Keywords: 1,3,4-oxadiazole; anticancer; antimicrobial; antioxidant; isoforms; therapeutic worth.

Chemistry studies have always been fascinated by the study of heterocyclic molecules. Heteroatoms like nitrogen, oxygen, and sulfur can be found in the rings in place of carbon. The heterocyclic medicines get increased potency and a wider range of functionalization through substitutions. Important heterocyclic compounds with therapeutic applications include those found in the vitamin B complex, colors, enzymes, antibiotics, alkaloids, amino acids, and medications. The diverse beneficial biological effects of heterocyclic compounds are mostly caused by the presence of the five-membered oxadiazole nucleus. Oxadiazole, with the general formula C2H2ON2, is produced when two methine (-CH=) groups that were previously present in the furan ring are replaced by two pyridine type nitrogen (-N=) groups. This somewhat reduces the aromaticity of the ring, oxadiazole, so that they now reflect the characteristics of a conjugated diene. Due to the low density of electrons on the carbon atom in oxadiazole, any electron-releasing group added to it will result in the electron withdrawing effect of pyridine-type nitrogen, making electrophilic substitution processes impossible.It is found that the oxadiazole ring resists nucleophilic replacements.

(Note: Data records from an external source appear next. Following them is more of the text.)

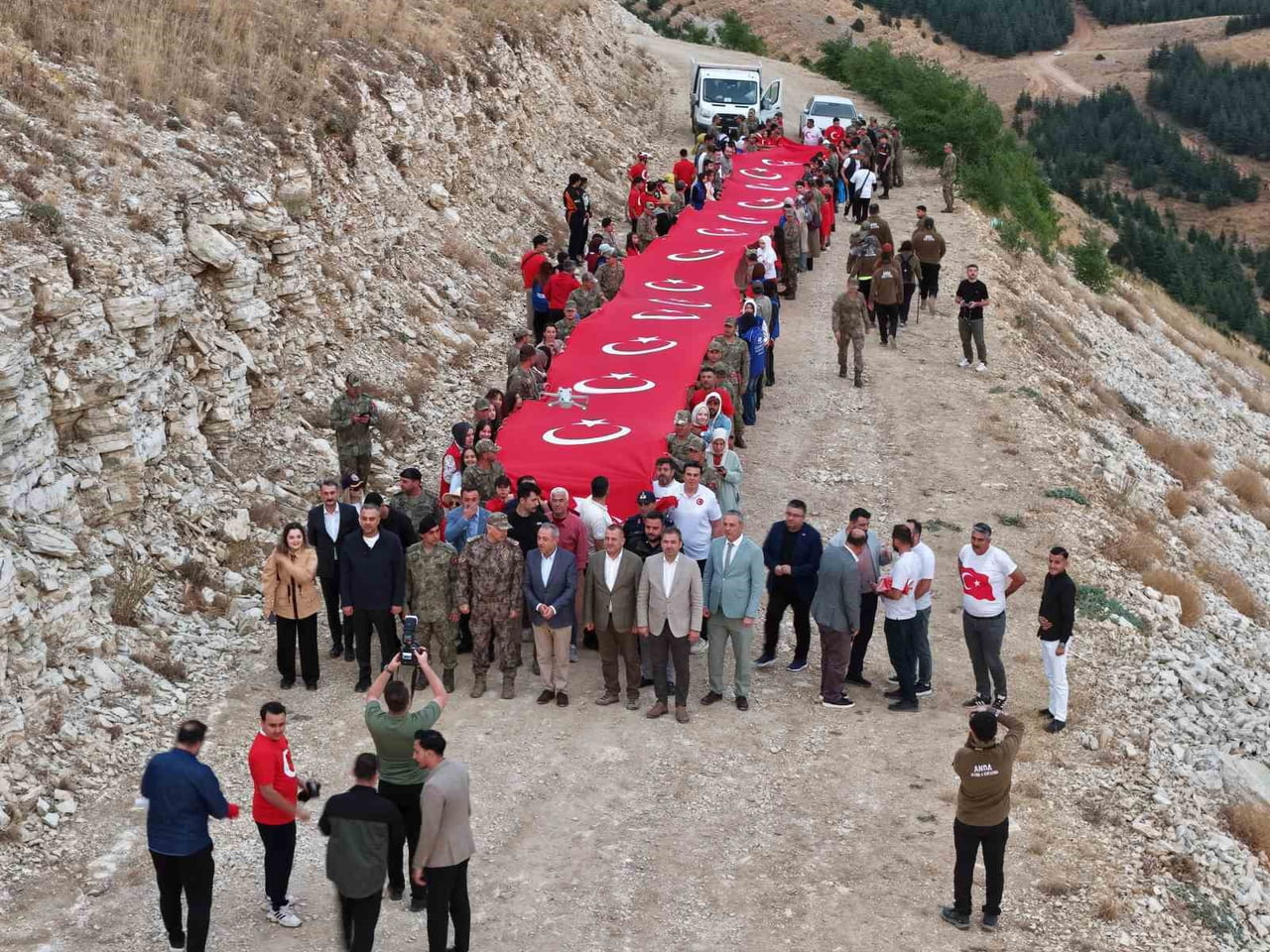 ONİKİŞUBAT BELEDİYESİ ÖNCÜLÜĞÜNDE 30 AĞUSTOS ZAFER BAYRAMI’NIN ANLAM VE ÖNEMİNE YAKIŞIR ŞEKİLDE...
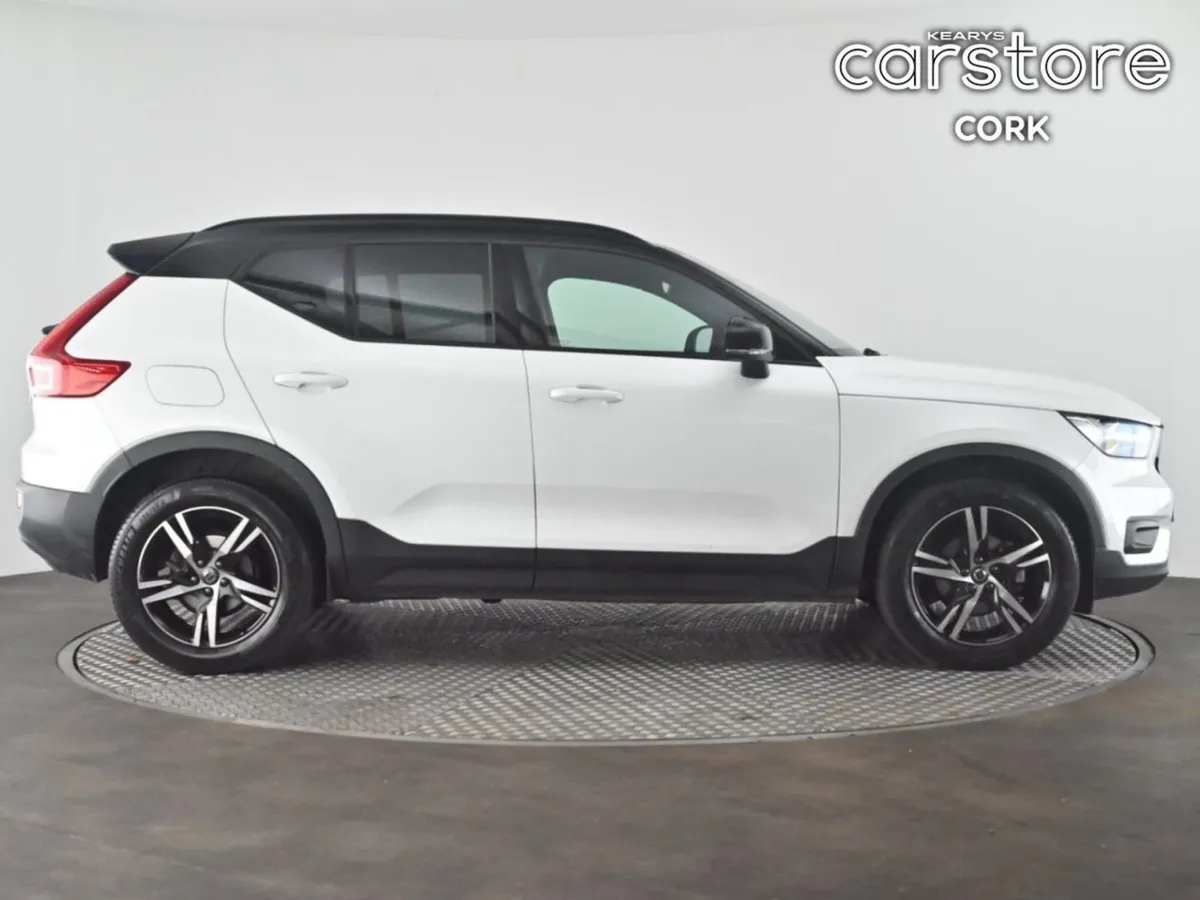 Volvo XC40 T3 (163hp) R-design - Image 3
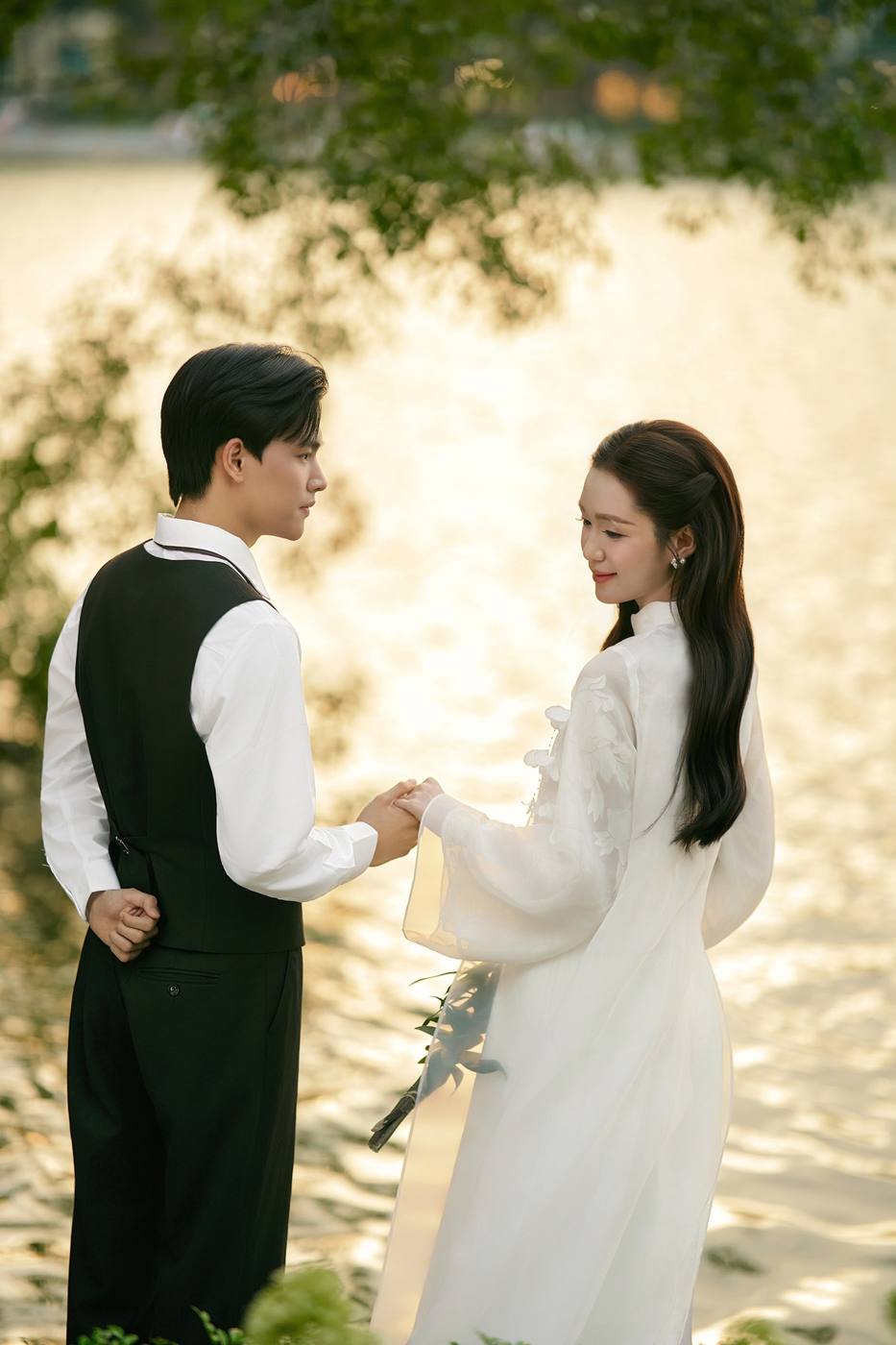 Lily & Linen — áo dài trắng ngoại cảnh — Duy Max Studio, trang 3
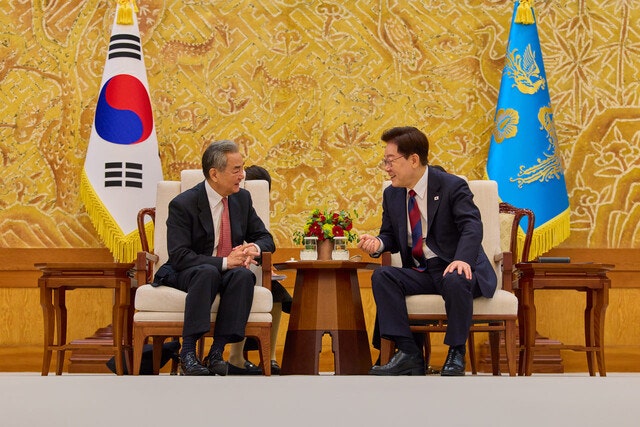 이 대통령, 왕이에 “한반도 문제 긴밀한 전략적 소통을”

The oxadiazole 1,2,4, 1,2,5, and 1,3,4 are all known compounds, but the 1,2,3 isomer is very unstable and reverts to the diazoketone tautomer. Many medicinal products, including raltegravir, fasiplon, butalamine, oxolamine, pleconaril, and nesapidil, include stable oxadiazoles. Due to its extensive spectrum of actions, including its antibacterial, anti-inflammatory, anti-fungal, antitubercular, anticonvulsant, anthelmintic, herbicidal, antioxidant, analgesic, anti-tumor, and anti-hepatitis B viral properties, oxadiazole has taken a special place in the field of medicinal chemistry.

New anti-microbial, anti-inflammatory, analgesic, anticancer, anti-convulsant, anthelmintic, herbicidal, antimycobacterial, and anti-oxidant compounds are crucial and difficult to produce for medicinal chemists.

(a) synthesis of analogs and their modifications, as well as derivatization, which results in novel substituted compounds for better and improved treatment, and

(b) searching for and synthesis of novel compounds, which have never been seen before in bacteria or diseases. Substituted 1, 3, and 4-oxadiazoles are widely known, patented, and effective antibacterial, anti-inflammatory, analgesic, anti-tumor, and anti-convulsant compounds for this use.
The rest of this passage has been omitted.